08 August 2008
First Trial of Guantanamo Detainee Ends with Conviction, August 07, 2008(Salim Hamdan received a “fair trial,” White House says)
Washington -- Al-Qaida member Salim Hamdan was sentenced to five and a half years in prison after a military commission found him guilty August 6 on five of eight charges of providing material support to terrorism. The court proceeding at Guantanamo Bay, Cuba, was the first U.S. war crimes trial since World War II.
White House deputy spokesman Tony Fratto said August 6 that Hamdan had “received a fair trial,” after U.S. authorities presented their case against him, and that the government “bore the burden of proving his guilt beyond a reasonable doubt.”
In his statement, Fratto said Hamdan had been presumed innocent until he was found guilty and described the military commission system as “a fair and appropriate legal process for prosecuting detainees alleged to have committed crimes against the United States or our interests,” adding, “We look forward to other cases moving forward to trial.”
According to an August 6 statement by the Defense Department, along with being cleared on three of the eight counts of providing material support for terrorism, Hamdan also was found not guilty on the charge of conspiracy to commit terrorism.
Hamdan faced a maximum sentence of life in prison, the Defense Department said. However, his jury of six U.S. military officers sentenced him to five and a half years on August 7. Media reports indicated that, with time already served, he could be eligible for release in five months, but still could remain at Guantanamo Bay as an “enemy combatant.”
The Defense Department statement said Hamdan’s case next will be reviewed by the military court’s Convening Authority to evaluate the “legal sufficiency” of the court’s findings and to review the appropriateness of the sentence.
“Hamdan will still be represented by counsel and have the opportunity to submit matters for consideration on his behalf. Then his case will receive an automatic review by the Court of Military Commission Review. Thereafter, he could appeal to the Court of Appeals for the District of Columbia and the Supreme Court,” the Defense Department said.
The capture of a large number of nonuniformed combatants who were engaged in armed hostilities and terrorism in Afghanistan and other countries has posed a thorny set of legal problems. The United States, drawing on both domestic and international military law, has used the military commission process to protect the rights of the accused and afford them fair trials.

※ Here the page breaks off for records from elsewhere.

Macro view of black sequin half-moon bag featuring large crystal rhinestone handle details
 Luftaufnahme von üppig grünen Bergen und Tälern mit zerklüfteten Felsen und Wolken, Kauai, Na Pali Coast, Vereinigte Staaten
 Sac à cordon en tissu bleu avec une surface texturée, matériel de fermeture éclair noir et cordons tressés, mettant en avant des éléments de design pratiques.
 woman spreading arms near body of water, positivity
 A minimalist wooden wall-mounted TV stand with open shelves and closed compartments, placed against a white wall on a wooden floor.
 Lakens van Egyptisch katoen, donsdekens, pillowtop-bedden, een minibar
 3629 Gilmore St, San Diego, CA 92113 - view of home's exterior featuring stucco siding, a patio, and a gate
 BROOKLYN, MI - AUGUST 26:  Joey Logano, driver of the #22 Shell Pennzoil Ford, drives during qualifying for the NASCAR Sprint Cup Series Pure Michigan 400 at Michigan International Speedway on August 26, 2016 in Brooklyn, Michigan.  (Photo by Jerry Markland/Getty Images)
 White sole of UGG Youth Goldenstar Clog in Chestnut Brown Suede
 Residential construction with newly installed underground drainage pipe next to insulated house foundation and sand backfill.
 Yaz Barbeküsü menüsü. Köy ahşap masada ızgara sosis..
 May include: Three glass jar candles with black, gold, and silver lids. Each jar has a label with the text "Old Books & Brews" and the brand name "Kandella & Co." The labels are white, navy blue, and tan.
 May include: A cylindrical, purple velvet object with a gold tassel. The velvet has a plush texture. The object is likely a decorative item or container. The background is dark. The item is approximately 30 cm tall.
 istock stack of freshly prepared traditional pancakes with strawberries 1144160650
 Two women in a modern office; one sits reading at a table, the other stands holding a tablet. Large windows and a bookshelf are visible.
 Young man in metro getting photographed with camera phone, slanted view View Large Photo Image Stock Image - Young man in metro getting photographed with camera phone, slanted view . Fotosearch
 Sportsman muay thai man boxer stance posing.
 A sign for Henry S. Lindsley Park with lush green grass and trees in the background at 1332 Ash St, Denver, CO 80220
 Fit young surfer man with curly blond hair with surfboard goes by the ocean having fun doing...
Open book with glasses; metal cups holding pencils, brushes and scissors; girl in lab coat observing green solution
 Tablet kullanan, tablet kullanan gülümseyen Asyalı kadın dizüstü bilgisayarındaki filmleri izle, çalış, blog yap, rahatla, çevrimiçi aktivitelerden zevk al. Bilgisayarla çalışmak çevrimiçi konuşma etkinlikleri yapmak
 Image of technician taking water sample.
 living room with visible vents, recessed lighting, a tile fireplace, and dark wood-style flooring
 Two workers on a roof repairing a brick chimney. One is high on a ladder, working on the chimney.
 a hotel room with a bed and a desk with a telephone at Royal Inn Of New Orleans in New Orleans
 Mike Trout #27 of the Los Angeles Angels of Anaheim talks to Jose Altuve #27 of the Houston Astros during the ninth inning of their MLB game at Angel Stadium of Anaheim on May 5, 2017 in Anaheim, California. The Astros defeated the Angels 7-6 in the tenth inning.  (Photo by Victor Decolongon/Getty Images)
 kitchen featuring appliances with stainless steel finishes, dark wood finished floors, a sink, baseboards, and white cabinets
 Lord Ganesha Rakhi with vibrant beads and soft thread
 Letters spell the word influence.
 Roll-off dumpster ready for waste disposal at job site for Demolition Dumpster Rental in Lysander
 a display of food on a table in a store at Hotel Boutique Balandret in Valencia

On June 12, the U.S. Supreme Court affirmed the right of those detained at Guantanamo to challenge their detention in U.S. courts. (See “Guantanamo Detainees Win Right to Challenge Their Detention.”)
According to the Defense Department, military commissions are “constituted courts, affording all the necessary judicial guarantees which are recognized as indispensable by civilized peoples for purposes of Common Article 3 of the Geneva Convention.”
The full text of the Defense Department statement is available on the department’s Web site.